A stepping stone to the leadership track she had worked toward since her first year on the ward. For a moment, she stared at both futures the one calling her upward, and the one pulling her away. The decision tore at her. On one hand, the career she had built from the ground up. The mentors who had seen her grow. The respect of colleagues. The rhythm of ward life that made sense to her.

On the other hand, a fragile, flickering hope: that a change of scenery, a new environment, a slower pace might finally help them conceive. She knew the statistics. Knew that fertility didn’t care about geography. But this wasn’t a logical decision. It was an emotional one. A desperate one. She could stay and climb the ladder alone. Or she could go and hold onto the dream of building something that couldn’t be measured by job titles. In the end, she chose love.

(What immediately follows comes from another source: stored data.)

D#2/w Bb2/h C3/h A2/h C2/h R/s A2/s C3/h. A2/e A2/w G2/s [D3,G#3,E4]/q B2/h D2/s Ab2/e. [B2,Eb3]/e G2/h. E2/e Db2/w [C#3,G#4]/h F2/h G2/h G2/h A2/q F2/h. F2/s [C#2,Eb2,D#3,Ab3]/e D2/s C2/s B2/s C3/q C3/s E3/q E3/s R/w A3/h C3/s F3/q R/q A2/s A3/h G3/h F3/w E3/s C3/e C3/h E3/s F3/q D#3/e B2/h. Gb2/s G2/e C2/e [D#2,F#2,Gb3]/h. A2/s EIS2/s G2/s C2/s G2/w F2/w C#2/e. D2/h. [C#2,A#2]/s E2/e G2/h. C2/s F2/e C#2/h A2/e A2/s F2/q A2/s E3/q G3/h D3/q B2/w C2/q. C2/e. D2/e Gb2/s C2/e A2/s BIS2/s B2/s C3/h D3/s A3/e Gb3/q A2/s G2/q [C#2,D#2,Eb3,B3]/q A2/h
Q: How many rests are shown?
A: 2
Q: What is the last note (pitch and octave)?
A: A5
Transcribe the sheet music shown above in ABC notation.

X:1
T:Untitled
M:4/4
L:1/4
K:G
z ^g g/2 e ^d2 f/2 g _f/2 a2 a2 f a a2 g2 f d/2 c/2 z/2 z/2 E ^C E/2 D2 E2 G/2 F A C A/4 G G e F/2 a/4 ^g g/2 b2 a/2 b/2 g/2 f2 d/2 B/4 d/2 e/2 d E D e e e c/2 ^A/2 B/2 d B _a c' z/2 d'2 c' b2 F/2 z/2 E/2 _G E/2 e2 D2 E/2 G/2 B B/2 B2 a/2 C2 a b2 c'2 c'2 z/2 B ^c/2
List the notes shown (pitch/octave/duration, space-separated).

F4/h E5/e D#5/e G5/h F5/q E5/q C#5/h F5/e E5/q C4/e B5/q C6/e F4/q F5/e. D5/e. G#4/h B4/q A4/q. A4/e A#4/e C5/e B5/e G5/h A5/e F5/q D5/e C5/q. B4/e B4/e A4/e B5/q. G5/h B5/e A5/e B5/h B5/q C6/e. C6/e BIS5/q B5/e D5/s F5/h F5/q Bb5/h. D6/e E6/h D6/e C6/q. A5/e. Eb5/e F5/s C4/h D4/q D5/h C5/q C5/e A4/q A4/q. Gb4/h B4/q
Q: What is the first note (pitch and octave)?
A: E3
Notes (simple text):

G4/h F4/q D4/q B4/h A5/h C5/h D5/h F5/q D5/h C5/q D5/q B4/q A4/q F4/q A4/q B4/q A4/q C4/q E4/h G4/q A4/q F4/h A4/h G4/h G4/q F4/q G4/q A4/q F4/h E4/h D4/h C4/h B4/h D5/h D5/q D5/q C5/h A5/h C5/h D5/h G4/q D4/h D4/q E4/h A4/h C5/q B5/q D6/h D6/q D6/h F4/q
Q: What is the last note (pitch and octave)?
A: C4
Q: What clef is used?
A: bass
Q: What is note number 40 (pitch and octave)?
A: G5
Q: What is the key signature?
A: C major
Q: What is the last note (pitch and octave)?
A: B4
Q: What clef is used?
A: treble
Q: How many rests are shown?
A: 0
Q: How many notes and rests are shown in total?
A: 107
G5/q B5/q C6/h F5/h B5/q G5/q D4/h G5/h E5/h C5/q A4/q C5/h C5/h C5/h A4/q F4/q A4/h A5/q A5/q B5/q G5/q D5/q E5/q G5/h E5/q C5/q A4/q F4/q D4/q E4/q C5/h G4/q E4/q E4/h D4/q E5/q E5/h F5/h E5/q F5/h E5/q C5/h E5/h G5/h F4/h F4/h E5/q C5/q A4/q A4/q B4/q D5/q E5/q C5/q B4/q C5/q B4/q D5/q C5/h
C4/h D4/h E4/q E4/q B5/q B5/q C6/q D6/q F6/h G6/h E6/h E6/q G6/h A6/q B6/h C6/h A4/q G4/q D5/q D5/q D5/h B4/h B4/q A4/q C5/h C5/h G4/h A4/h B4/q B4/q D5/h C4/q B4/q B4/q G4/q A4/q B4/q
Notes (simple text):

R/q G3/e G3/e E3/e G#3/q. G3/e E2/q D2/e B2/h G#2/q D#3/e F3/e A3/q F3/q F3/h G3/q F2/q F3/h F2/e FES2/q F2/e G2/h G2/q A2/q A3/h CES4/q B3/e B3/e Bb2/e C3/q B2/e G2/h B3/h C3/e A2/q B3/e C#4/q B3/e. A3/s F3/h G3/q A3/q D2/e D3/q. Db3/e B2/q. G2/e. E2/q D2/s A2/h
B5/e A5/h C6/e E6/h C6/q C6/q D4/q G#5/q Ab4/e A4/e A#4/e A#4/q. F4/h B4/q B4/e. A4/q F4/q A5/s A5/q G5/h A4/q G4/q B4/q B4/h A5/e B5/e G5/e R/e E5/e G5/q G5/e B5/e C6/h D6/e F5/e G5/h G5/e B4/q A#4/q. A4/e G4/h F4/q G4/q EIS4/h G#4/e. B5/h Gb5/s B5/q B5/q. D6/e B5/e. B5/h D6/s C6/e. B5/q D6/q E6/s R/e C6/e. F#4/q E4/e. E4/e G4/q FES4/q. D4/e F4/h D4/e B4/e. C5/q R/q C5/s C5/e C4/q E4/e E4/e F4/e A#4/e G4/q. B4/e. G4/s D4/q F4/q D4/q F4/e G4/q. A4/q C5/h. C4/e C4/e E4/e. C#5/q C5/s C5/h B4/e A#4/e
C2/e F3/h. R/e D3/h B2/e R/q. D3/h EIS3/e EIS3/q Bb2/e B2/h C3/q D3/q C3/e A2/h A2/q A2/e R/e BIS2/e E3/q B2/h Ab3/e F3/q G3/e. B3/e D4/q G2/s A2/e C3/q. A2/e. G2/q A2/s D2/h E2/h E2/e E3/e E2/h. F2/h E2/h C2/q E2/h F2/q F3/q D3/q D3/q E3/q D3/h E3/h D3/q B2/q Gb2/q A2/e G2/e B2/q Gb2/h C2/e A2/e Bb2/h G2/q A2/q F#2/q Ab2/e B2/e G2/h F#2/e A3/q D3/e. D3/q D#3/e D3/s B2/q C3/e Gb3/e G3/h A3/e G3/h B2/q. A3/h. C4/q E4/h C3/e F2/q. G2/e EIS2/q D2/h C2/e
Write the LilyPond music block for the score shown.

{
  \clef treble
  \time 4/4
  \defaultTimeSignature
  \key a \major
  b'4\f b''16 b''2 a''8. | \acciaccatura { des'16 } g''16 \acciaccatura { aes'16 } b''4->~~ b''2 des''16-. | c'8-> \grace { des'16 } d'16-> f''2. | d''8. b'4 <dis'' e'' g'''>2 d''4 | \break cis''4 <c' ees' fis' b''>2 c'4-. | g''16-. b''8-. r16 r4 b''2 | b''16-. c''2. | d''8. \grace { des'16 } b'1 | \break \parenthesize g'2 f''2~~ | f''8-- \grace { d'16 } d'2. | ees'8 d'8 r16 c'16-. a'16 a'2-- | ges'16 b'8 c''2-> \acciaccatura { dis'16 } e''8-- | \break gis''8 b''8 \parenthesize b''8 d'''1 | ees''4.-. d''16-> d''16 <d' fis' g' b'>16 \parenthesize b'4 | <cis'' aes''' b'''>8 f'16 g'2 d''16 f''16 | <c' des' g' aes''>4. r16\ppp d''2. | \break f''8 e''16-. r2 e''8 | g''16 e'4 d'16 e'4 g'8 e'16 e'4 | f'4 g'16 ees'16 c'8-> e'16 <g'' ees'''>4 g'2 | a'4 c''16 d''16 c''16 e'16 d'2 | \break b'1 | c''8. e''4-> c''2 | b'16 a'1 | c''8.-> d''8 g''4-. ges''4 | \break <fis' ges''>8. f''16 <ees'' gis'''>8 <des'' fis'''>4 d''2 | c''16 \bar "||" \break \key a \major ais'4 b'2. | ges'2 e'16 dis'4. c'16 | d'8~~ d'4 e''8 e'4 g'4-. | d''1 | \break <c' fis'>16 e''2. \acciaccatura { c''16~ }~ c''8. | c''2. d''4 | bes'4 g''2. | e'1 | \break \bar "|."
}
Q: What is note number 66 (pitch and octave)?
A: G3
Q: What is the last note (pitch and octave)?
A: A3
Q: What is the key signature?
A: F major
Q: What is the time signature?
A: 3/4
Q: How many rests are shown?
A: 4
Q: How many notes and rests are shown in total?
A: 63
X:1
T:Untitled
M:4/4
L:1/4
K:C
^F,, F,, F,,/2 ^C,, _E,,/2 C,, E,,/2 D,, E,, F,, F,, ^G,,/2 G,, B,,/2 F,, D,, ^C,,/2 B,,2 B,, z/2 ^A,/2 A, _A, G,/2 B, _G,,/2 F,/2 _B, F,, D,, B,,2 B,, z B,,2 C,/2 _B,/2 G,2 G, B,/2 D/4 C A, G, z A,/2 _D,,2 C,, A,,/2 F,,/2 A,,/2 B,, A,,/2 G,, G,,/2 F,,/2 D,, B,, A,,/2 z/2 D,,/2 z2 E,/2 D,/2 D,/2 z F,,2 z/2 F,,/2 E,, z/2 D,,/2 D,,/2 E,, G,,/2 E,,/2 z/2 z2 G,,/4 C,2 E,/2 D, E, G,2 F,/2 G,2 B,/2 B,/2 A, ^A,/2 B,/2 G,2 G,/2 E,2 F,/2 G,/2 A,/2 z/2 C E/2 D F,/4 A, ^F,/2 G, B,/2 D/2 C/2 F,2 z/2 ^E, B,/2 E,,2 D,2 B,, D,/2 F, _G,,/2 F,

She let go of the career she had so diligently built, believing hoping that the bonds of family outweighed even her deepest ambitions. But as she packed up her flat and returned her staff pass, a quiet question lingered in the back of her mind: What if this is the wrong choice? Back then, her goals had been clear. Linear.

But life has a way of shifting the ground beneath your feet. Sometimes, it isn’t that the choice was wrong only that the map had changed. And with it, so did the destination. She would come to understand, there are no right or wrong choices. Only the choices we make based on who we are, and what we know, at that moment in time.

And in that moment, choosing love, choosing family, choosing hope was the right thing to do. In Malaysia, she could have continued nursing. The option was there she still had her license, her skills, her experience. But something inside her had changed. She didn’t want to stand in a hospital anymore, surrounded by machines and sterile walls. She needed a different kind of space.

A different kind of healing. So she became a volunteer teacher at a children’s home, a quiet place tucked away, where neglected, abandoned, and abused children found shelter. There were no IV drips, no charts, no beeping monitors. Just crayons, thread, stories, and the sound of laughter trying to relearn itself.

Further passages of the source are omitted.